> _Your assignment_: In the entries that follow, the first line to write out is the one containing "Cheap GANNI Slub Linen Mini Skirt Egret", and the last is the one containing "Drake's Vintage 100%". Reproduce that stretch exactly, with nothing before or after it.

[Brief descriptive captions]
══════════
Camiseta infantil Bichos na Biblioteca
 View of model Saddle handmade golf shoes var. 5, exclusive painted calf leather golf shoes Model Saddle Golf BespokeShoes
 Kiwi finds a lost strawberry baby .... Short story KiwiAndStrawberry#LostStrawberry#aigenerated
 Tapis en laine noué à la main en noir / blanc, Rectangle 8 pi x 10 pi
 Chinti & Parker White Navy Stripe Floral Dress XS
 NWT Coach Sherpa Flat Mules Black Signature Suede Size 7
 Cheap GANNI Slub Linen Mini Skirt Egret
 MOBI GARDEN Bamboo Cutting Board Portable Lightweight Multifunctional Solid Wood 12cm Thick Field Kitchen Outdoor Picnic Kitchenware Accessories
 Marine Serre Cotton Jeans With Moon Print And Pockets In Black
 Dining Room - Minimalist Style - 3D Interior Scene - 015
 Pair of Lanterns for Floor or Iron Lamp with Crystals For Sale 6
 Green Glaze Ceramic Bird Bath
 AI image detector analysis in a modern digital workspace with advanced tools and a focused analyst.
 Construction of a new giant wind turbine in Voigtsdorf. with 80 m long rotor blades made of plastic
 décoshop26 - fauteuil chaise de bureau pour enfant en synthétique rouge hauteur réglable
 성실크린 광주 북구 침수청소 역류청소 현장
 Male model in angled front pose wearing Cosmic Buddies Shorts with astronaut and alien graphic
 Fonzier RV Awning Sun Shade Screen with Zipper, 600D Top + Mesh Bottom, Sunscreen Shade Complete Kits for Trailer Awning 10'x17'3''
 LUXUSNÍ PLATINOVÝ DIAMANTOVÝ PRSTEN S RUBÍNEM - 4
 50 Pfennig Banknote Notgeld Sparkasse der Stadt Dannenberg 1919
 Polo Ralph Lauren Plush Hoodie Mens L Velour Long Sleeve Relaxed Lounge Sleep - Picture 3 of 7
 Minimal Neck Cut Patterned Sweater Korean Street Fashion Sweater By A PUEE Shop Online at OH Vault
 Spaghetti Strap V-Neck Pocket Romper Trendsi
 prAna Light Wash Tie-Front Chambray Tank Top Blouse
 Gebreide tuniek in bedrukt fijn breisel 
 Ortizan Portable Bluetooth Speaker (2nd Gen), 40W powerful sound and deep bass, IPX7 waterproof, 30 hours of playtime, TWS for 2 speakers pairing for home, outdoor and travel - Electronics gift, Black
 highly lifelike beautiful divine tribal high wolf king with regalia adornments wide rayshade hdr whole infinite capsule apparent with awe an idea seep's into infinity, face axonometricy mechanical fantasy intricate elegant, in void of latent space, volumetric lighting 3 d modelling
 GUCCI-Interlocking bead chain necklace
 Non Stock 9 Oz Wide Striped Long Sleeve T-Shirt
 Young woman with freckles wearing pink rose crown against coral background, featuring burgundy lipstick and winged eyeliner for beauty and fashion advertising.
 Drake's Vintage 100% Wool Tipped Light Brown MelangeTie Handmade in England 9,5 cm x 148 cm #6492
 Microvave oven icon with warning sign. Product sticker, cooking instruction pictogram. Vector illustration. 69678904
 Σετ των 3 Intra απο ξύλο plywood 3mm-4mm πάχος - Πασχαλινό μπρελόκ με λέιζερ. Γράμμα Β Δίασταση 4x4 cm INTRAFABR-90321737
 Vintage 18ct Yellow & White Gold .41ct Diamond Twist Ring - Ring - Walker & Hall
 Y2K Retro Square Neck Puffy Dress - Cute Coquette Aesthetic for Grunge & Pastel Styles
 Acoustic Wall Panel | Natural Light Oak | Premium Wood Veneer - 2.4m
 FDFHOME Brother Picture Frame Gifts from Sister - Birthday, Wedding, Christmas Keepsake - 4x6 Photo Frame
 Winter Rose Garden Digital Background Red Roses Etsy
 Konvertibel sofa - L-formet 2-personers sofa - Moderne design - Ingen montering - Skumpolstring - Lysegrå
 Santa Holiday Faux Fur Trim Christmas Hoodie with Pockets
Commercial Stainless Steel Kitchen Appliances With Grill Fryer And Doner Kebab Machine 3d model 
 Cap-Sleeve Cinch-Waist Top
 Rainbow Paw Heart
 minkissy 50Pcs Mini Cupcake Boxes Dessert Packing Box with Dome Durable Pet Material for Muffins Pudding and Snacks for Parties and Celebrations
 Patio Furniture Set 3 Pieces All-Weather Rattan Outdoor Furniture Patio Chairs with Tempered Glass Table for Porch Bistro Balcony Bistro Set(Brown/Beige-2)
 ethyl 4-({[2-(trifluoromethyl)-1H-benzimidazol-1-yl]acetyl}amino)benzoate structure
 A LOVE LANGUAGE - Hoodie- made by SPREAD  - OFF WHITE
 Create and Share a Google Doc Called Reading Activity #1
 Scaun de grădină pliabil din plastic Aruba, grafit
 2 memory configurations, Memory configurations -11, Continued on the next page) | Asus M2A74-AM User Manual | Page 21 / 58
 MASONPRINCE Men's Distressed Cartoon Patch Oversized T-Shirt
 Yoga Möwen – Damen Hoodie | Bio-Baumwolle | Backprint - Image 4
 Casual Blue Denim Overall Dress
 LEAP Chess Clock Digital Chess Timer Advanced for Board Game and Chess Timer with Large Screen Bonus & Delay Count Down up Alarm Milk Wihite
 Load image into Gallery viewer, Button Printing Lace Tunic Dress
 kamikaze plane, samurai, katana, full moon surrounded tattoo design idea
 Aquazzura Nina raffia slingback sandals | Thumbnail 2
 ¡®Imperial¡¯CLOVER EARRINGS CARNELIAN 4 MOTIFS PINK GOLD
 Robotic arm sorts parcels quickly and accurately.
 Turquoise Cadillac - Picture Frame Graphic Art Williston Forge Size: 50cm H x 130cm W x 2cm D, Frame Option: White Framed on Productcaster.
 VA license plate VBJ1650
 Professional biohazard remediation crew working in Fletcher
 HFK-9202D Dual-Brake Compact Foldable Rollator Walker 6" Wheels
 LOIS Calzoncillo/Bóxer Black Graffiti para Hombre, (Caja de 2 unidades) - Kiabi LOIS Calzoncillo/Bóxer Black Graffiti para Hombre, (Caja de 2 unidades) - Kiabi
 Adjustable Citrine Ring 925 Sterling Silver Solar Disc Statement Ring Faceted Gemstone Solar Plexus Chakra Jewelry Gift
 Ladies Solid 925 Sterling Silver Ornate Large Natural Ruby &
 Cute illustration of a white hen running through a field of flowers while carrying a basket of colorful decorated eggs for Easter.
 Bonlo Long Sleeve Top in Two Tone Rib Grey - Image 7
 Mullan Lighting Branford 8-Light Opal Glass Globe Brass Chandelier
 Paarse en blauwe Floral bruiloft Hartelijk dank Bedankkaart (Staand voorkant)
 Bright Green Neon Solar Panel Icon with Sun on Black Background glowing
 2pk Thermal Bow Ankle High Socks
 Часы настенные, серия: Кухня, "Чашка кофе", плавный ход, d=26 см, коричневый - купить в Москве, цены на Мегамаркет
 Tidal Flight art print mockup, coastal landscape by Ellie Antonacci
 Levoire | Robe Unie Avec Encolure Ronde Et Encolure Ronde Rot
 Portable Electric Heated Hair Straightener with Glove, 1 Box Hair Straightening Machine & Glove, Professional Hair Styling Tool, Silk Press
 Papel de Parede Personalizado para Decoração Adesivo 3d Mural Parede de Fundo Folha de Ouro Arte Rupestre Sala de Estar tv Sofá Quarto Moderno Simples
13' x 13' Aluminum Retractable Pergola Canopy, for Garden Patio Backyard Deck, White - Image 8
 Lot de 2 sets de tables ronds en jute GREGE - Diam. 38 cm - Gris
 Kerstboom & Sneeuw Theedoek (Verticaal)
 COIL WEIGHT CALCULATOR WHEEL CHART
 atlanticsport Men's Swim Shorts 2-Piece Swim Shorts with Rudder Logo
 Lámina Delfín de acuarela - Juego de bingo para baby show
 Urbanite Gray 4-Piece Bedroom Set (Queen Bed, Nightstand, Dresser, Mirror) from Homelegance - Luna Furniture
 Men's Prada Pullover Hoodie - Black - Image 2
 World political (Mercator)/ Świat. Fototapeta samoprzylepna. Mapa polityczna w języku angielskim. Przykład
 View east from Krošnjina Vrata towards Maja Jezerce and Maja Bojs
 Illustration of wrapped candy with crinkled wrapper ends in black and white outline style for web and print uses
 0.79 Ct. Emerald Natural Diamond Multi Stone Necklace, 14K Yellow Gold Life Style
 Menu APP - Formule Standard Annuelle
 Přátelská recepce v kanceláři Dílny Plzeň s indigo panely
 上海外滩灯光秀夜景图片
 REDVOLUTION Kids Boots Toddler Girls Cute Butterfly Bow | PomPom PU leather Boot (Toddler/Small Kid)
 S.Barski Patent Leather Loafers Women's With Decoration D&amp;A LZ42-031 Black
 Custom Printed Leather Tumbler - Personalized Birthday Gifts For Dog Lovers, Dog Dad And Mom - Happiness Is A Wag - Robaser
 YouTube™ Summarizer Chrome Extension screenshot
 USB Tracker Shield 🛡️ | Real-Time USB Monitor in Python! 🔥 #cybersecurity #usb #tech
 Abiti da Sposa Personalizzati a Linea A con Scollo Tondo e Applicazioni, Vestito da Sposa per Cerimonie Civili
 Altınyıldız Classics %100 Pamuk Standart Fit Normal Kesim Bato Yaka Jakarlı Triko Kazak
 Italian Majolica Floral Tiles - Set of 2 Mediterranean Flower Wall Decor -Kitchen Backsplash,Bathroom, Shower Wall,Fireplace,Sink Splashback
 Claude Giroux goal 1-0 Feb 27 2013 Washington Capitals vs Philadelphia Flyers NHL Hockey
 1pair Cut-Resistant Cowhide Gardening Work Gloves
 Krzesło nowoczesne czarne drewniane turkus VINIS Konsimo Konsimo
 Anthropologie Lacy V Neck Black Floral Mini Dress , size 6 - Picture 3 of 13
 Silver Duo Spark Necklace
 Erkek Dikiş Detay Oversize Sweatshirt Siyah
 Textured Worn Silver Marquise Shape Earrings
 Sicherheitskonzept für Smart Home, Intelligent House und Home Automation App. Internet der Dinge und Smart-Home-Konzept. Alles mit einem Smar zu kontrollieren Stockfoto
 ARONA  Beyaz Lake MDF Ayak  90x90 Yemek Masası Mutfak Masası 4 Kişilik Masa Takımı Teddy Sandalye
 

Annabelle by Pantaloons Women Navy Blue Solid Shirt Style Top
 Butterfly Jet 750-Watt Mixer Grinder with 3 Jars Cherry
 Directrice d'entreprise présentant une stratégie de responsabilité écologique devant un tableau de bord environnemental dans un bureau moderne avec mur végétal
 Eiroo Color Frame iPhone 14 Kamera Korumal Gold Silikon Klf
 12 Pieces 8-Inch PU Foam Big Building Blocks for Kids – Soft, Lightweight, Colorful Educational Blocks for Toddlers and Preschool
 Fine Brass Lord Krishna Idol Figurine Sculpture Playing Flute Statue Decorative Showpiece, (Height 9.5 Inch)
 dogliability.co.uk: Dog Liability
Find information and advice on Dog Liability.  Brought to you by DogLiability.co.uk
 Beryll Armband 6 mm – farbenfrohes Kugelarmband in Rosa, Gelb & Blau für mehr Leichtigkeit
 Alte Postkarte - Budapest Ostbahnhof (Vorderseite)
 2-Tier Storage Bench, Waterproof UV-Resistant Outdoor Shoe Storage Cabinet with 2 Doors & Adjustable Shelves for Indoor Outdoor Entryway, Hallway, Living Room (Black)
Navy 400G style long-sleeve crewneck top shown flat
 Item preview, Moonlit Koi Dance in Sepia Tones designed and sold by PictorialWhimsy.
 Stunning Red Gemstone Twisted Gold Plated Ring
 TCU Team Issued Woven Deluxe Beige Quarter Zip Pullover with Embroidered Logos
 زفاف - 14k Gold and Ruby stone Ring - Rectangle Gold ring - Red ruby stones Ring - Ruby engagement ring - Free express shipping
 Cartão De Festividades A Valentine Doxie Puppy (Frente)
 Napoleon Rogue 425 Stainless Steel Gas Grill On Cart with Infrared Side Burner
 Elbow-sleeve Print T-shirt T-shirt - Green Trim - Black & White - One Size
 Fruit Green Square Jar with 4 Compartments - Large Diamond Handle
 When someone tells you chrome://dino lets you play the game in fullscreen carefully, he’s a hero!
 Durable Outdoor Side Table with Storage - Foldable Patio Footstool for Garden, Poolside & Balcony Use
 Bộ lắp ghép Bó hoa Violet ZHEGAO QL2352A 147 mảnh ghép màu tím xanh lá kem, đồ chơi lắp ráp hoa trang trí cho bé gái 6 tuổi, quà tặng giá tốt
══════════
> _Output below_:
 Cheap GANNI Slub Linen Mini Skirt Egret
 MOBI GARDEN Bamboo Cutting Board Portable Lightweight Multifunctional Solid Wood 12cm Thick Field Kitchen Outdoor Picnic Kitchenware Accessories
 Marine Serre Cotton Jeans With Moon Print And Pockets In Black
 Dining Room - Minimalist Style - 3D Interior Scene - 015
 Pair of Lanterns for Floor or Iron Lamp with Crystals For Sale 6
 Green Glaze Ceramic Bird Bath
 AI image detector analysis in a modern digital workspace with advanced tools and a focused analyst.
 Construction of a new giant wind turbine in Voigtsdorf. with 80 m long rotor blades made of plastic
 décoshop26 - fauteuil chaise de bureau pour enfant en synthétique rouge hauteur réglable
 성실크린 광주 북구 침수청소 역류청소 현장
 Male model in angled front pose wearing Cosmic Buddies Shorts with astronaut and alien graphic
 Fonzier RV Awning Sun Shade Screen with Zipper, 600D Top + Mesh Bottom, Sunscreen Shade Complete Kits for Trailer Awning 10'x17'3''
 LUXUSNÍ PLATINOVÝ DIAMANTOVÝ PRSTEN S RUBÍNEM - 4
 50 Pfennig Banknote Notgeld Sparkasse der Stadt Dannenberg 1919
 Polo Ralph Lauren Plush Hoodie Mens L Velour Long Sleeve Relaxed Lounge Sleep - Picture 3 of 7
 Minimal Neck Cut Patterned Sweater Korean Street Fashion Sweater By A PUEE Shop Online at OH Vault
 Spaghetti Strap V-Neck Pocket Romper Trendsi
 prAna Light Wash Tie-Front Chambray Tank Top Blouse
 Gebreide tuniek in bedrukt fijn breisel 
 Ortizan Portable Bluetooth Speaker (2nd Gen), 40W powerful sound and deep bass, IPX7 waterproof, 30 hours of playtime, TWS for 2 speakers pairing for home, outdoor and travel - Electronics gift, Black
 highly lifelike beautiful divine tribal high wolf king with regalia adornments wide rayshade hdr whole infinite capsule apparent with awe an idea seep's into infinity, face axonometricy mechanical fantasy intricate elegant, in void of latent space, volumetric lighting 3 d modelling
 GUCCI-Interlocking bead chain necklace
 Non Stock 9 Oz Wide Striped Long Sleeve T-Shirt
 Young woman with freckles wearing pink rose crown against coral background, featuring burgundy lipstick and winged eyeliner for beauty and fashion advertising.
 Drake's Vintage 100% Wool Tipped Light Brown MelangeTie Handmade in England 9,5 cm x 148 cm #6492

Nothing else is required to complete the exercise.